Many of these clauses will be found even in “simple” wills. Complex wills also contain such clauses, plus trust provisions and elaborate tax provisions. The difference between simple and complex is one of degree.

Whatever the type of will, it must be coordinated with the title to your property, and with contractual provisions of life insurance and pension plans. This is discussed in the next section.


Probate property is controlled by your will. Non- probate property is not controlled by your will. Therefore, unless you coordinate the ownership of your property with the provisions of your will, your will may not work the way you intended.

Joint property is the most common form of non-probate property. Normally it will pass to the surviving joint owner, regardless of the terms of your will. Joint property can cause problems:

Example: Widow’s will leaves her estate equally to her two children. But because of concerns about her own health, widow has placed her bank accounts in joint name with her daughter, who lives nearby. At widow’s death, these accounts will normally go to daughter, giving her an unequal share. Daughter may refuse to share them, feeling that she earned them by living nearby and helping her mother. Distant son may choose to fight about it, in court or within the family. (Widow should have given daughter a power of attorney for use in case of illness.)

Life insurance is another common form of non-probate property. Proceeds are paid, according to contract, to the designated beneficiary, regardless of what your will says. Here again, problems can arise:

Example: Husband’s will creates a “credit trust”, to be funded with $675,000.00, (1) which will provide income to Wife, but which will not be subject to federal estate tax at her later death. This $675,000.00 in trust is also free of tax in Husband’s estate because of the unified credit against the federal estate tax. Thus this $675,000.00 is intended to pass to the children untaxed. However, Husband neglects to designate “my estate” as beneficiary of his life insurance. At his death, his assets consist of the $450,000.00 residence in joint name, the $1,000,000.00 life insurance payable to Wife, and miscellaneous tangible assets. All goes to Wife. Feeling insecure after loss of her spouse (the normal reaction), she refuses to disclaim any of the insurance, and the chance to put $675,000.00 in trust is lost. At her later death, the unnecessary tax on the $675,000.00 will be up to $371,250.00, (2) depending on the size of her estate.

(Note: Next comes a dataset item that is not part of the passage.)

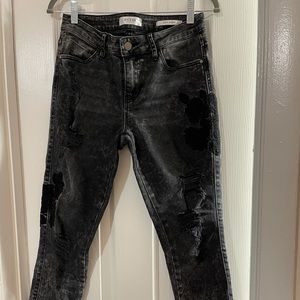 Black Sexy Curve Skinny Jeans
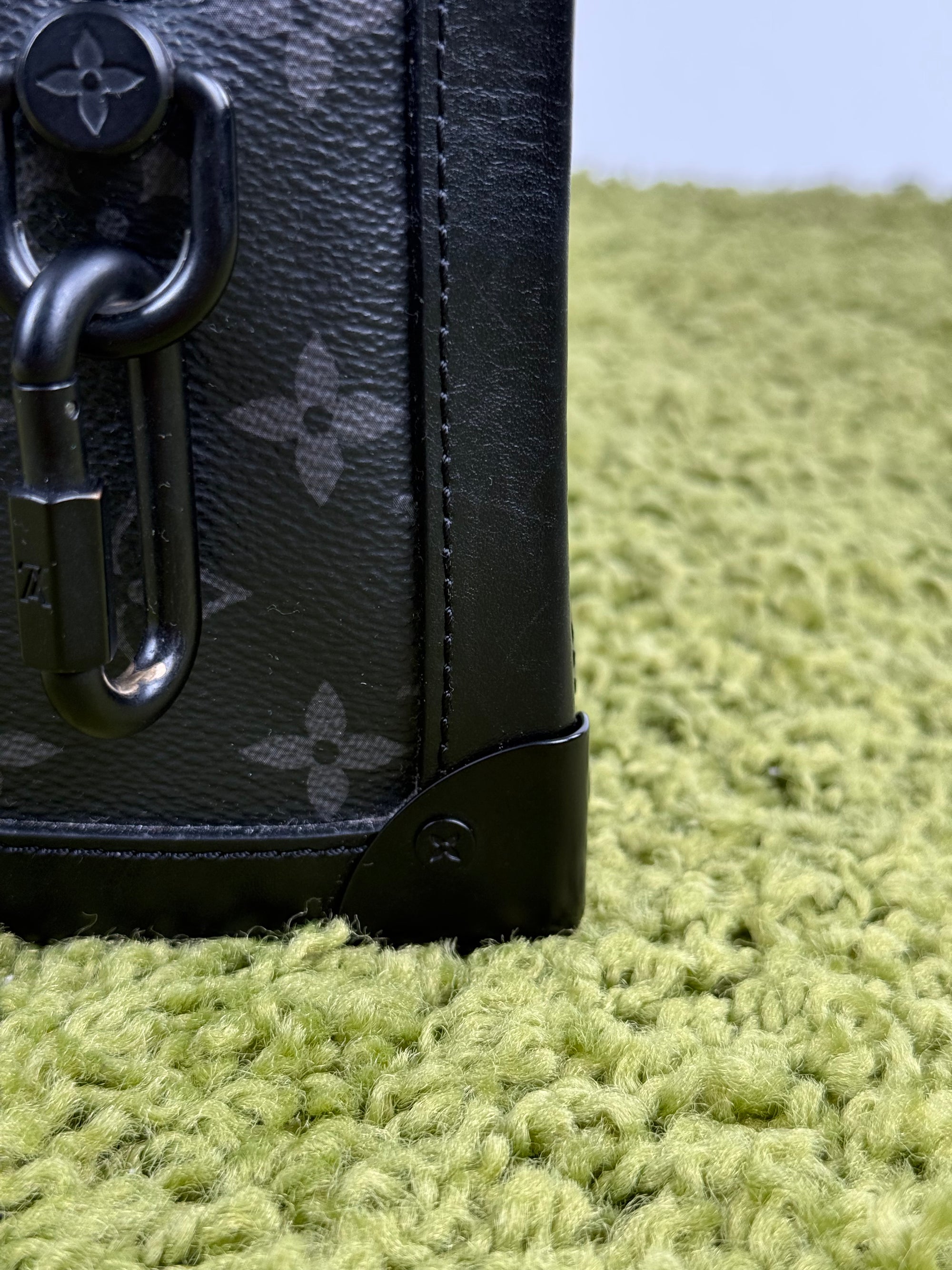 Louis Vuitton Soft Trunk Monogram Eclipse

We have seen and experienced situations like these. In these cases the time and money spent writing the will was wasted because property was not titled properly, or beneficiary designation was overlooked.

Other forms of non-probate property include pension, profit sharing and IRAs. Like life insurance, they will pass to a designated beneficiary. If there is none, they may be paid to spouse or to the estate of the decedent, depending upon the terms of the plan and local law. (Note: spouses have statutory rights in qualified retirement plans, and must consent to being omitted as beneficiary. Also, for income tax reasons it is normally preferable to designate individuals, rather than estates or trusts, as beneficiaries of retirement assets.)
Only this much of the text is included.